Jonathan Evans said espionage by a number of countries, also including China, was a distraction from countering militant Islamists who were growing in number and now targeting children as young as 15 in Britain.
“Since the end of the Cold War we have seen no decrease in the numbers of undeclared Russian intelligence officers in the UK — at the Russian embassy and associated organizations conducting covert activity in this country,” Evans said.
“So despite the Cold War ending nearly two decades ago, my service is still expending resources to defend the UK against unreconstructed attempts by Russia, China and others to spy on us,” he added in his first public speech since taking over as head of MI5, the domestic spy agency, in April.
Evans said a number of countries were still actively seeking to steal sensitive civilian and military technology, political and economic intelligence, including via sophisticated electronic attacks on computer networks.

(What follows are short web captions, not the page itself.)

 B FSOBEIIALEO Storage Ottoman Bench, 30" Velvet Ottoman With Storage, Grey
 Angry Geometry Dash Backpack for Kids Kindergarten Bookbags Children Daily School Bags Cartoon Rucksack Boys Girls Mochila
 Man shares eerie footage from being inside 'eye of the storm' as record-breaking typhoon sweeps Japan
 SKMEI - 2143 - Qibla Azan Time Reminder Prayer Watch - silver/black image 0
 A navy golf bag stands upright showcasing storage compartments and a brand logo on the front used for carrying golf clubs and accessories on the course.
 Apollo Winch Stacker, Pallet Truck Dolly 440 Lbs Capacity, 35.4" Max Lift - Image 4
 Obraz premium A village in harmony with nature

“It is a matter of some disappointment to me that I still have to devote significant amounts of equipment, money and staff to countering this threat,” Evans said.

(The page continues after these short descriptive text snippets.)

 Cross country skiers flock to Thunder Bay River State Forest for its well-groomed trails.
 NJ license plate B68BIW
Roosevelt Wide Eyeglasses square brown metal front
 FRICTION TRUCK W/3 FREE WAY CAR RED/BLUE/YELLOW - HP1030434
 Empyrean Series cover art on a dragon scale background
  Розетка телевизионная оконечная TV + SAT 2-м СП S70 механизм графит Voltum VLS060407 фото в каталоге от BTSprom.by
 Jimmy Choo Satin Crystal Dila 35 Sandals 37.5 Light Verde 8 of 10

“They are resources which I would far rather devote to countering the threat from international terrorism — a threat to the whole international community, not just the UK.”
His singling-out of Russia underlined the poor state of relations between the two countries’ governments and between their security agencies.
Each expelled four of the other’s diplomats in July in a row over Moscow’s refusal to extradite the chief suspect in the murder of Alexander Litvinenko, a former KGB agent turned Kremlin critic who was poisoned with radioactive polonium in London a year ago. The two sides have also suspended cooperation on counter-terrorism.
In his speech, Evans said MI5 knew of at least 2,000 British-based individuals who posed a direct threat to national security because of their support for terrorism, “and we suspect that there are as many again that we don’t yet know of”.
A year ago, his predecessor put the figure at about 1,600.
“As I speak, terrorists are methodically and intentionally targeting young people and children in this country,” Evans said.
“They are radicalizing, indoctrinating and grooming young, vulnerable people to carry out acts of terrorism. This year, we have seen individuals as young as 15 and 16 implicated in terrorist-related activity.”
Several British militant conspiracies have featured links to al Qaeda in Pakistan, including suicide bombings that killed 52 people in London in 2005.
But Evans said plots were now being driven from an increasing range of overseas countries, including Somalia. He noted the emergence of a new al Qaeda arm in North Africa, and said the network’s Iraqi branch was also intent on promoting attacks outside Iraq.
“This sort of extension of the al Qaeda brand to new parts of the Middle East and beyond poses a further threat to us in this country,” Evans said.
He said Britain could expect more attacks. “I do not think that this problem has yet reached its peak.”